Top of Entries supplied

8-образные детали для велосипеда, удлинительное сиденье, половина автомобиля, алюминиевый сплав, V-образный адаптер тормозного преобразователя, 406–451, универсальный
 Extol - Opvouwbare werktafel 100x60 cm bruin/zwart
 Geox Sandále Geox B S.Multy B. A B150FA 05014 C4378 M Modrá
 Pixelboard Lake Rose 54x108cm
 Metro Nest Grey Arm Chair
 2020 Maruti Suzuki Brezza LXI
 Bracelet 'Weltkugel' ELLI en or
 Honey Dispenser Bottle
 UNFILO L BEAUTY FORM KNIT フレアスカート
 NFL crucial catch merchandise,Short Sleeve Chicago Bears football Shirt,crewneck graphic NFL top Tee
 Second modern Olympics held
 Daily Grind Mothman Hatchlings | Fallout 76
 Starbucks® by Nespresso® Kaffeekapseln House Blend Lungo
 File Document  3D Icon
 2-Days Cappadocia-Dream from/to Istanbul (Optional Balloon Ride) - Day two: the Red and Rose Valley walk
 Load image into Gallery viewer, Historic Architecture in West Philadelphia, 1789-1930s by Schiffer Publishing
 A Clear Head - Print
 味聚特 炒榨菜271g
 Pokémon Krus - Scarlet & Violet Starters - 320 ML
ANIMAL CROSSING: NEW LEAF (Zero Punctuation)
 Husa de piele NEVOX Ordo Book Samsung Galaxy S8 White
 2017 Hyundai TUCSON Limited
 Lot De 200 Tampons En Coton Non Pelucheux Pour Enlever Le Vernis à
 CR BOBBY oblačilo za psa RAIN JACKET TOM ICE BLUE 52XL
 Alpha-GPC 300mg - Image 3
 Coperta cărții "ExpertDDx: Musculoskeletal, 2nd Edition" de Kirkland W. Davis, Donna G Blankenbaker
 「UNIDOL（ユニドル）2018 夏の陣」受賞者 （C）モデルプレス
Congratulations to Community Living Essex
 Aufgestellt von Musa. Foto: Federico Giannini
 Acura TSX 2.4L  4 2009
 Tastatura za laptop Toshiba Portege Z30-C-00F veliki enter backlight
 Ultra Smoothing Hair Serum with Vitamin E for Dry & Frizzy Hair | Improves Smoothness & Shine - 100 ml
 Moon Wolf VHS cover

Bottom of Entries supplied

All lines from the line containing "Pixelboard Lake Rose 54x108cm" through the last line of the data are to be repeated exactly; no other line belongs in the answer.

● Result for this exercise
 Pixelboard Lake Rose 54x108cm
 Metro Nest Grey Arm Chair
 2020 Maruti Suzuki Brezza LXI
 Bracelet 'Weltkugel' ELLI en or
 Honey Dispenser Bottle
 UNFILO L BEAUTY FORM KNIT フレアスカート
 NFL crucial catch merchandise,Short Sleeve Chicago Bears football Shirt,crewneck graphic NFL top Tee
 Second modern Olympics held
 Daily Grind Mothman Hatchlings | Fallout 76
 Starbucks® by Nespresso® Kaffeekapseln House Blend Lungo
 File Document  3D Icon
 2-Days Cappadocia-Dream from/to Istanbul (Optional Balloon Ride) - Day two: the Red and Rose Valley walk
 Load image into Gallery viewer, Historic Architecture in West Philadelphia, 1789-1930s by Schiffer Publishing
 A Clear Head - Print
 味聚特 炒榨菜271g
 Pokémon Krus - Scarlet & Violet Starters - 320 ML
ANIMAL CROSSING: NEW LEAF (Zero Punctuation)
 Husa de piele NEVOX Ordo Book Samsung Galaxy S8 White
 2017 Hyundai TUCSON Limited
 Lot De 200 Tampons En Coton Non Pelucheux Pour Enlever Le Vernis à
 CR BOBBY oblačilo za psa RAIN JACKET TOM ICE BLUE 52XL
 Alpha-GPC 300mg - Image 3
 Coperta cărții "ExpertDDx: Musculoskeletal, 2nd Edition" de Kirkland W. Davis, Donna G Blankenbaker
 「UNIDOL（ユニドル）2018 夏の陣」受賞者 （C）モデルプレス
Congratulations to Community Living Essex
 Aufgestellt von Musa. Foto: Federico Giannini
 Acura TSX 2.4L  4 2009
 Tastatura za laptop Toshiba Portege Z30-C-00F veliki enter backlight
 Ultra Smoothing Hair Serum with Vitamin E for Dry & Frizzy Hair | Improves Smoothness & Shine - 100 ml
 Moon Wolf VHS cover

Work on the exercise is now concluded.